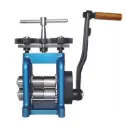 Laminoir manuelle mixte avec réducteur 125mm – Outil professionnel de bijouterie
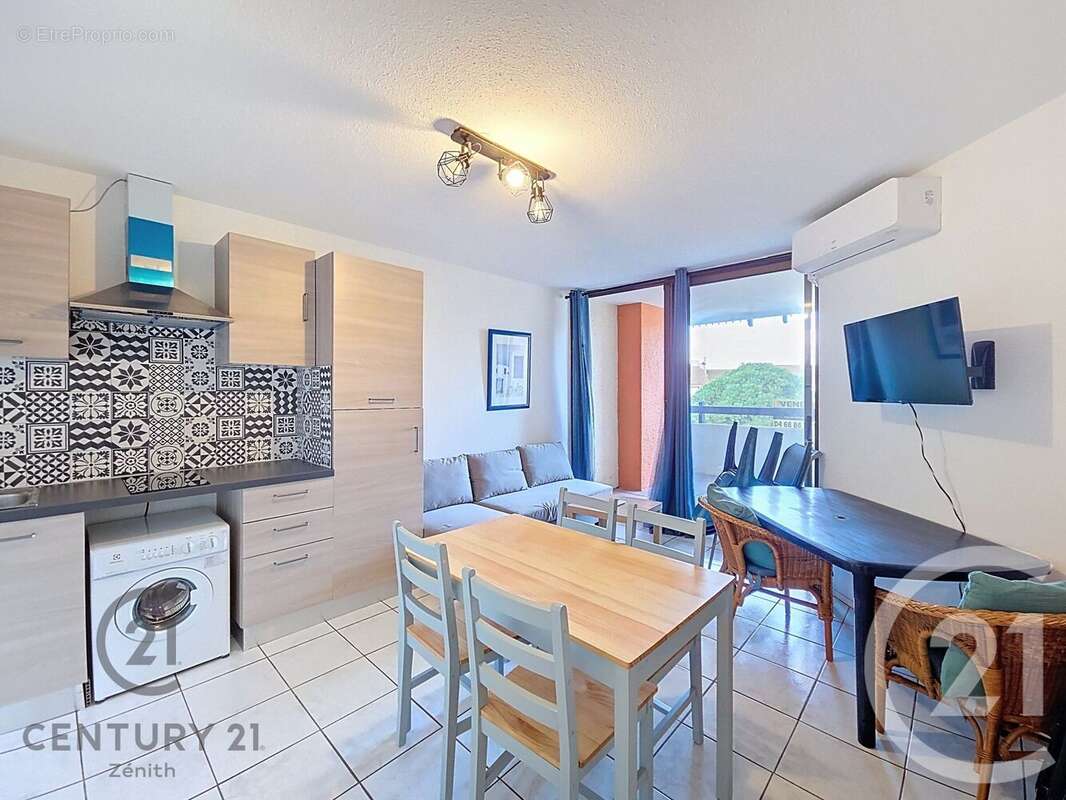 Appartement à LE BARCARES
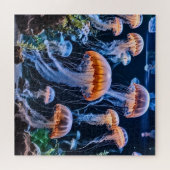 Atemberaubende Qualle Puzzle (Horizontal)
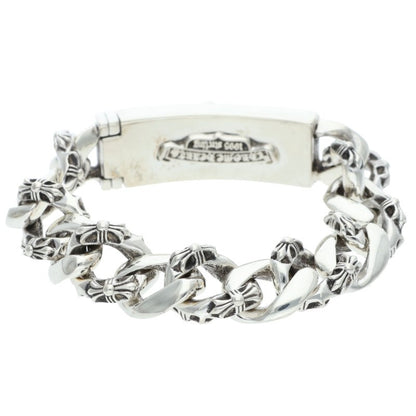Chrome Hearts Dagger ID Fancy Link Bracelet Size ONE SIZE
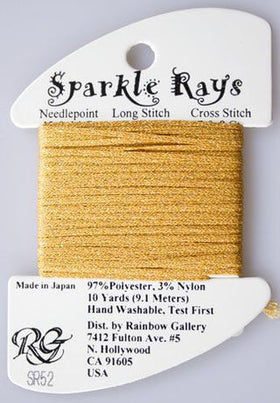 RBGL - Sparkle Rays - SR-0052 - Marigold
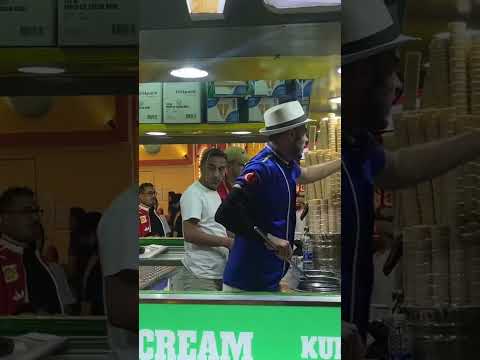 #turkish#icecream #globalvillage #dubai #uae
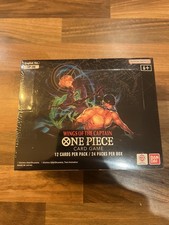 One Piece TCG Sealed Booster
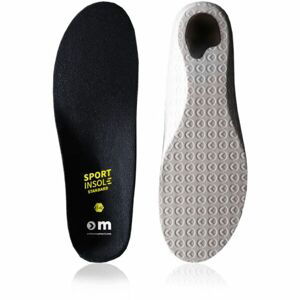 ORTHOMOVEMENT SPORT INSOLE STANDARD Vložky do bot, černá, veľkosť 43/44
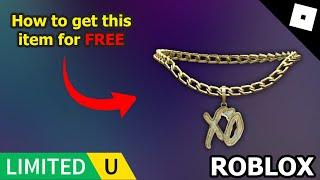 FREE UGC LIMITED - HOW TO GET UGC The Weeknd Gold XO Chain in The Weeknd Hub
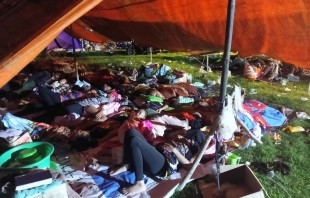 Pengungsi Gempa Bawaen Pilih di Tenda Darurat, Gusdurian Peduli Turunkan Relawan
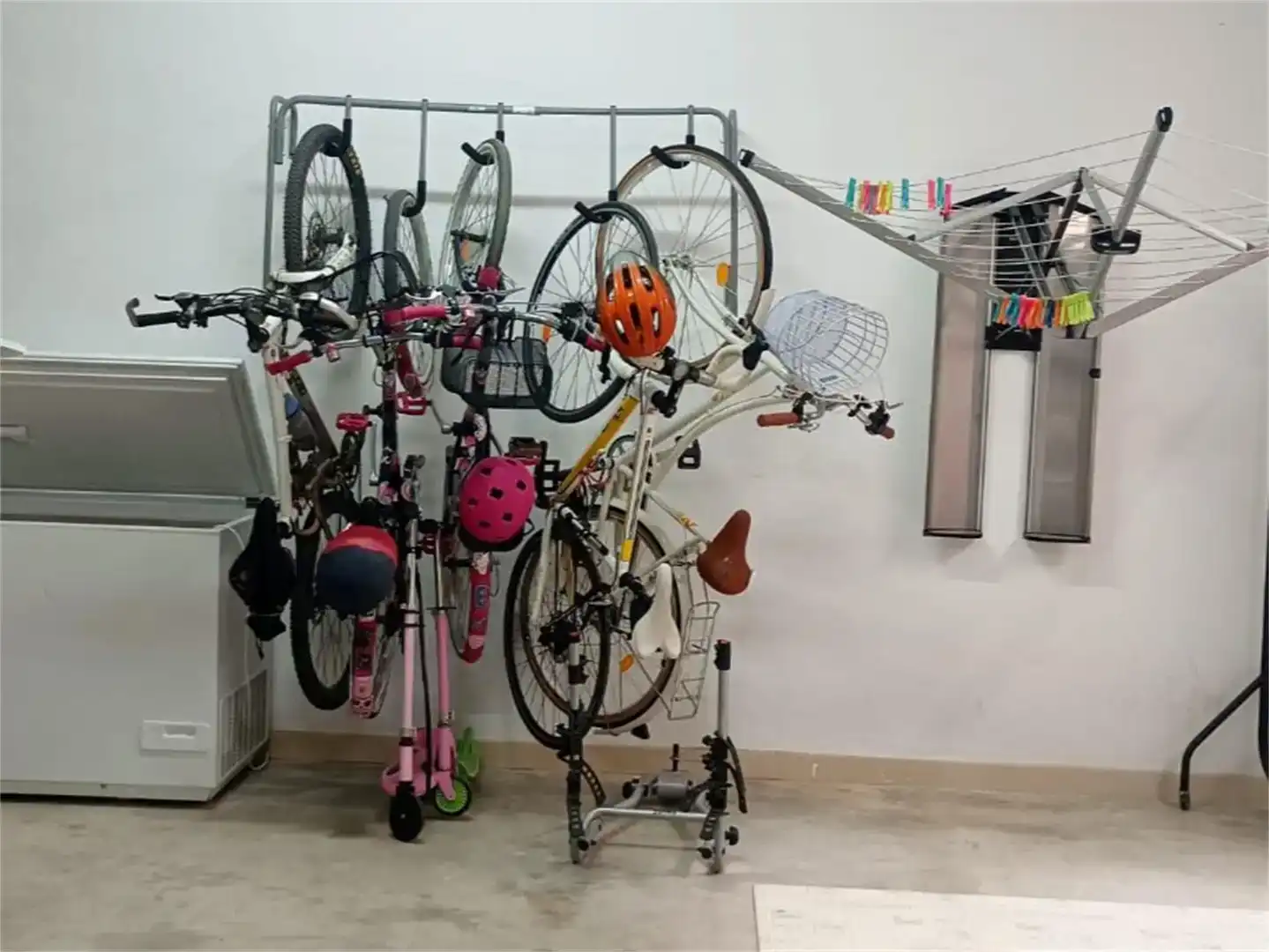 Parking of Houses for rent in Torrox  with Swimming Pool and Balcony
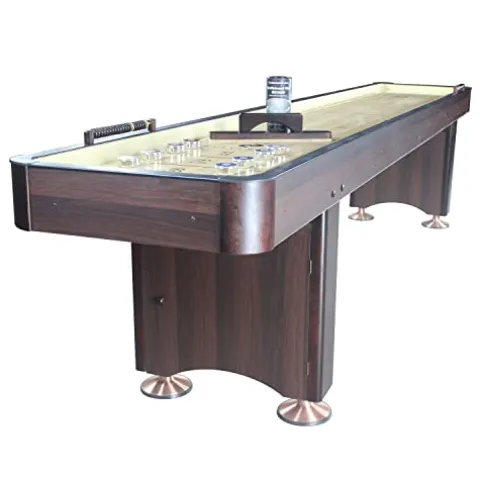 Playcraft Woodbridge 9′ Espresso Shuffleboard Table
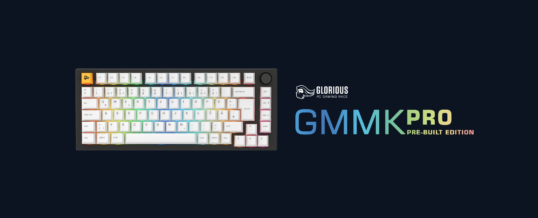 Glorious GMMK Pro Pre-Built Edition – Die Komplettlösung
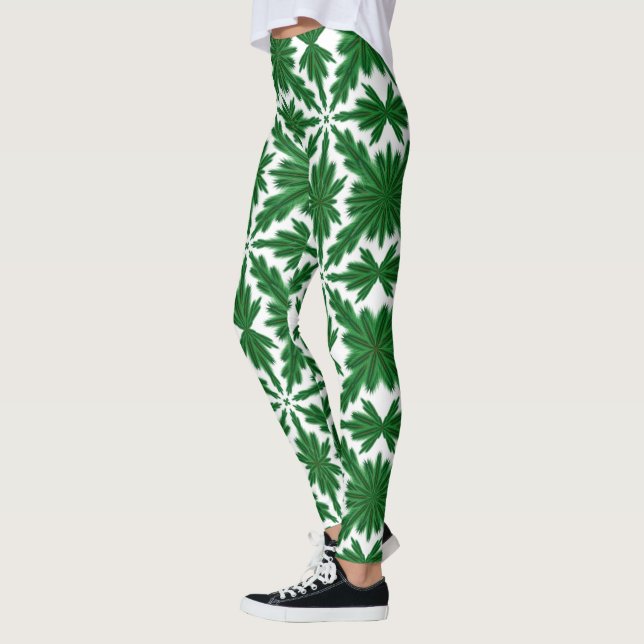 Pine Mandala Leggings (Izquierda)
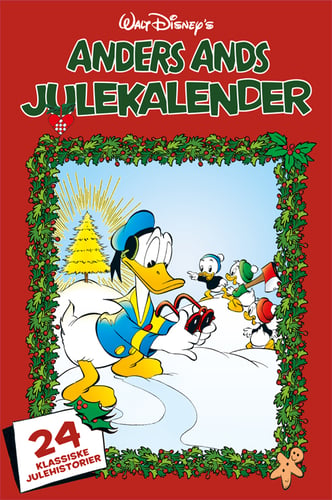 Anders Ands Julekalender bog - picture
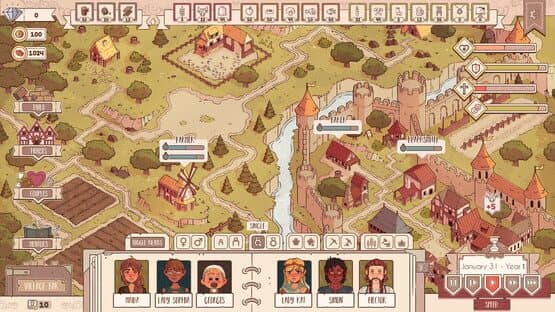 Lakeburg Legacies — screenshot 1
● ● ● ● ● ● ●
**Instructions to follow**
Retype all records exactly as shown above, images excluded.

**Solution**
 Laminoir manuelle mixte avec réducteur 125mm – Outil professionnel de bijouterie
 Appartement à LE BARCARES
 Atemberaubende Qualle Puzzle (Horizontal)
Chrome Hearts Dagger ID Fancy Link Bracelet Size ONE SIZE
 RBGL - Sparkle Rays - SR-0052 - Marigold
 #turkish#icecream #globalvillage #dubai #uae
 One Piece TCG Sealed Booster
 ORTHOMOVEMENT SPORT INSOLE STANDARD Vložky do bot, černá, veľkosť 43/44
 FREE UGC LIMITED - HOW TO GET UGC The Weeknd Gold XO Chain in The Weeknd Hub
 Pengungsi Gempa Bawaen Pilih di Tenda Darurat, Gusdurian Peduli Turunkan Relawan
 Parking of Houses for rent in Torrox  with Swimming Pool and Balcony
 Playcraft Woodbridge 9′ Espresso Shuffleboard Table
 Glorious GMMK Pro Pre-Built Edition – Die Komplettlösung
 Pine Mandala Leggings (Izquierda)
 Anders Ands Julekalender bog - picture
 Lakeburg Legacies — screenshot 1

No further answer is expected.